Running the example prints a tunple for the one dimension

A tuple with two lengths is returned for a two-dimensional array.

# Example of accessing shape for a two-dimensional array.
from numpy import array
# define array
data = [[11, 22],
            [33, 44],
            [55, 66]]
# array of data
data = array(data)
print(data.shape)

Running the example returns a tuple with the number of rows and columns.

You can use the size of your array dimensions in the shape dimension, such as specifying parameters. The elements of the tuple can be accessed just like an array, with the 0th index for the number of rows and the 1st index for the number of columns. For example:

# row and column shape of two-dimensional array
from numpy import array
# list of data
data = [[11, 22],
       [33, 44],
       [55, 66]]
# array of data
data = array(data)
print('Rows: %d' % data.shape[0])
print('Cols: %d' % data.shape[1])

Running the example accesses the specific size of each dimension.

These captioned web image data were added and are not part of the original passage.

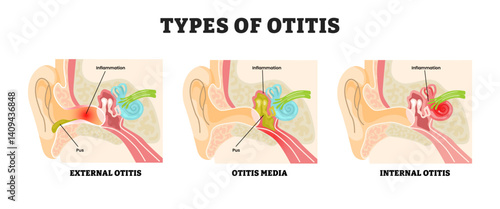 Different types of otitis types, educational medical poster design healthcare scheme, labeled external otitis, otitis media and internal otitis. Ear canal infection or inflammation tinnitus.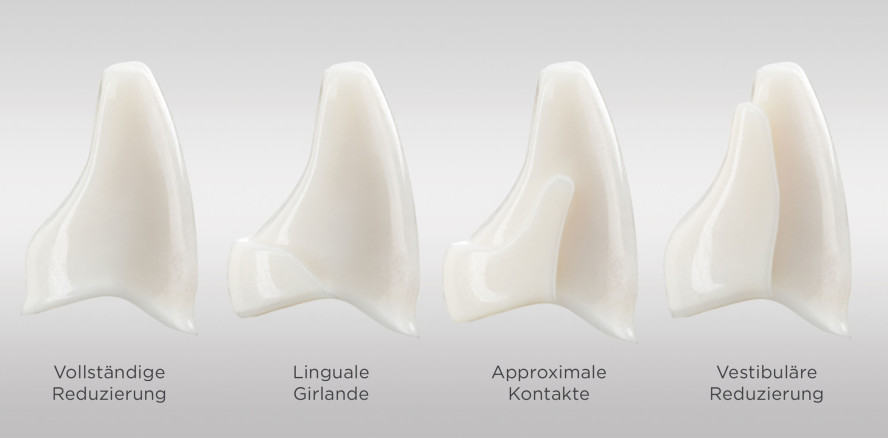 Vier Cut-back-Optionen für Atlantis-Kronen von Dentsply Sirona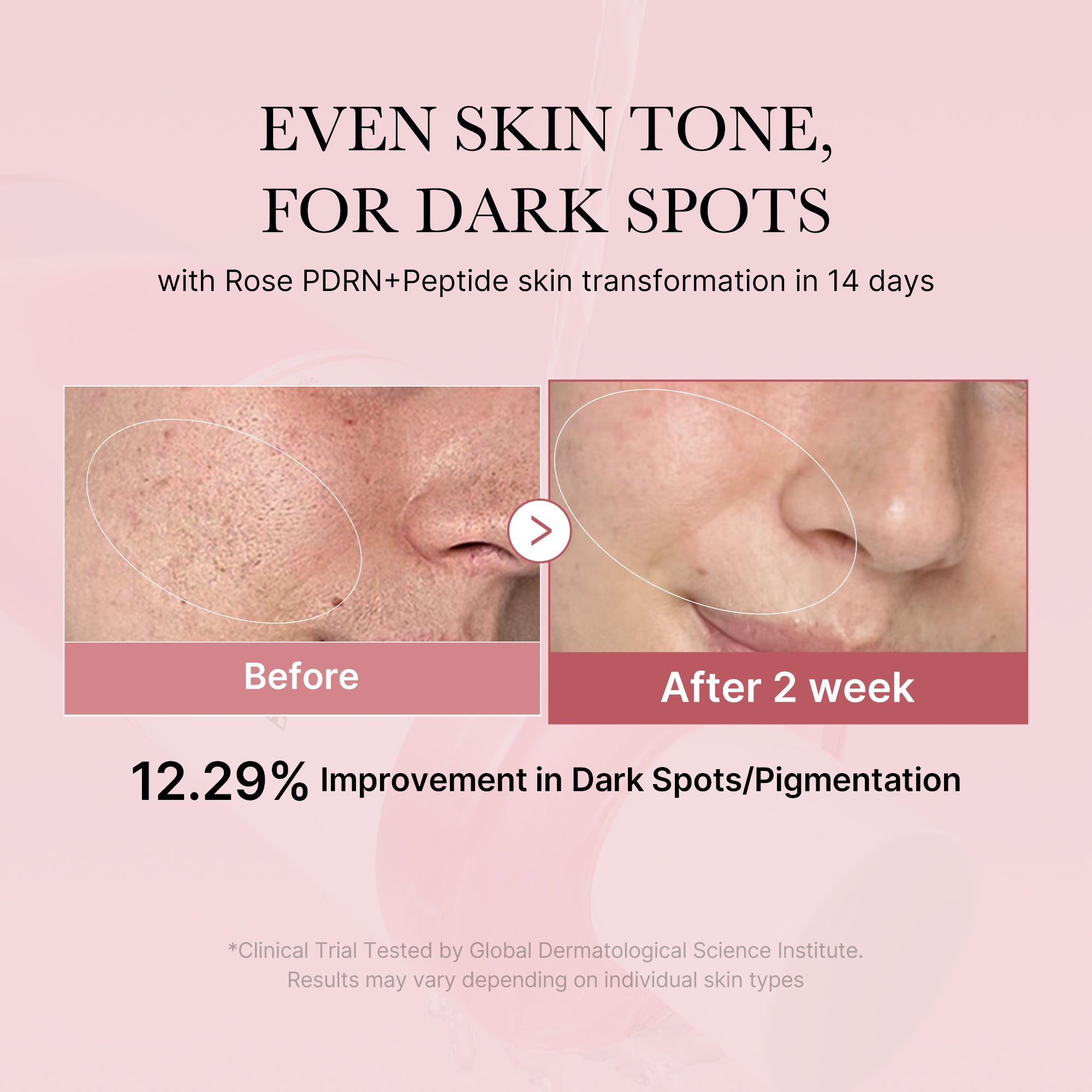 PDRN Pink Peptide Toner T3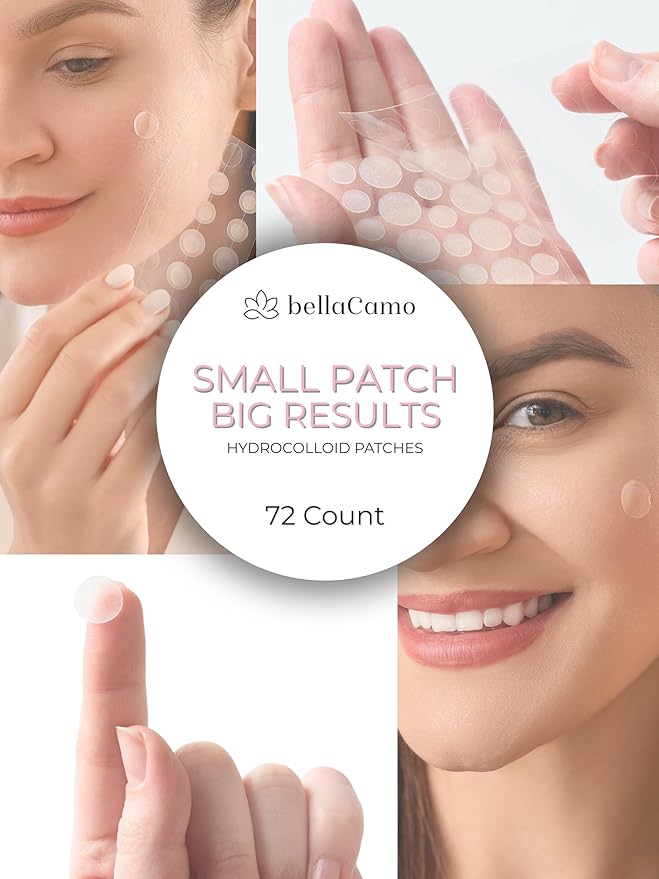 Pimple Patches- Advanced Acne Treatment For Zits and Blemishes. Hydrocolloid Spot Treatment with Salicylic Acid & Tea Tree Oil- Pimple Patch for Face- 72 ct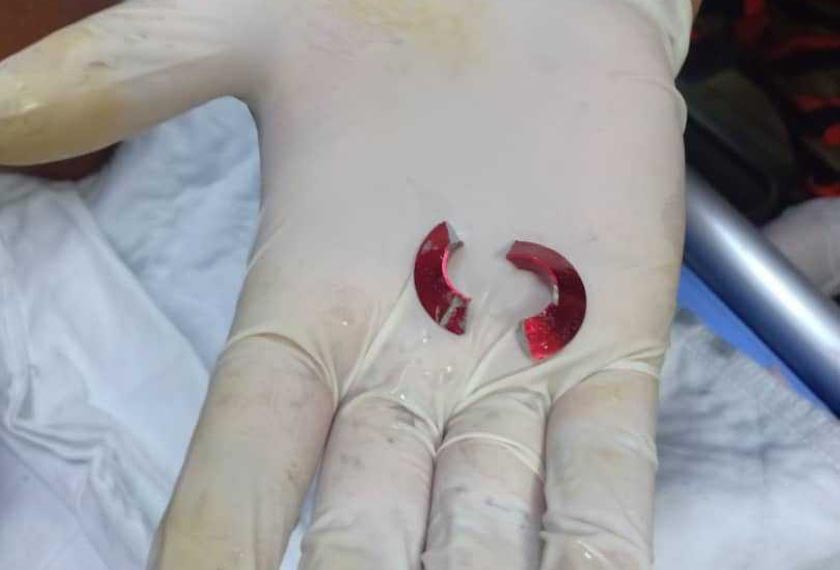 Kanak-kanak lelaki tahan sakit enam jam, jari tersekat cincin.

1.5.2 Reshape 1D to 2D Array

It is common to need to reshape a one-dimensional array into a two-dimensional array with one column and multiple arrays. NumPy provides the reshape() function on the NumPy array object that can be used to reshape the data.The reshape() function takes a single argument that specifies the new shape of the array.Is the case of reshaping a one-dimensional array into a two-dimensional array with one column, the tuple would be the shape of the array as the first dimension (data.shape[0]) and 1 for the second dimension.

data = data.reshape((data.shape[0], 1))

# Example of changing the shape of a one-dimensional array with the reshape() function
# reshape 1D array to 2D
from numpy import array
# define array
data = array([11, 22, 33, 44, 55])
print(data.shape)
# reshape
data = data.reshape((data.shape[0],1))
print(data)
print(data.shape)

Running the example prints the shape of the one-dimensional array, reshapes the array to have 5 rows with 1 column, then prints this new shape

1.5.3 Reshape 2D to 3D Array

It is common to need to reshape two-dimensional data where each row represents a sequence into a three-dimensional array for algorithms that expect multiple samples of one or more time steps and one or more features. A good example is the LSTM recurrent neural network model in the Keras deep learning library. The reshape function can be used directly, specifying the new dimensionality. This is clear with an example where each sequence has multiple time steps with one observation (feature) at each time step. We can use the sizes in the shape attribute on the array to specify the number of samples (rows) and columns (time steps) and fix the number of features at 1.

data.reshape((data.shape[0],data.shape[1],1))

Putting this all together, we get the following worked example.

# Example of changing the shape of a two-dimensional array with the reshape() function
# reshape 2D array to 3D
from numpy import array
# list of data
data = [[11, 22],
       [33, 44],
       [55, 66]]
# array of data
data = array(data)
print(data.shape)
# reshape
data = data.reshape((data.shape[0], data.shape[1],1))
print(data.shape)

Running the example first prints the size of each dimension in the 2D array, reshapes the array, then summarizes the shape of the new 3D array.

1.6 Extensions

This section lists some ideas for extending the tutorial that you may wish to explore.

Develop one example of indexing, slicing and reshaping your own small data arrays.
Load a small real dataset from CSV file and split it into input and output elements
Load a small real dataset from CSV file and split it into train and test elements.

If you explore any of these extensions, I’d love to know.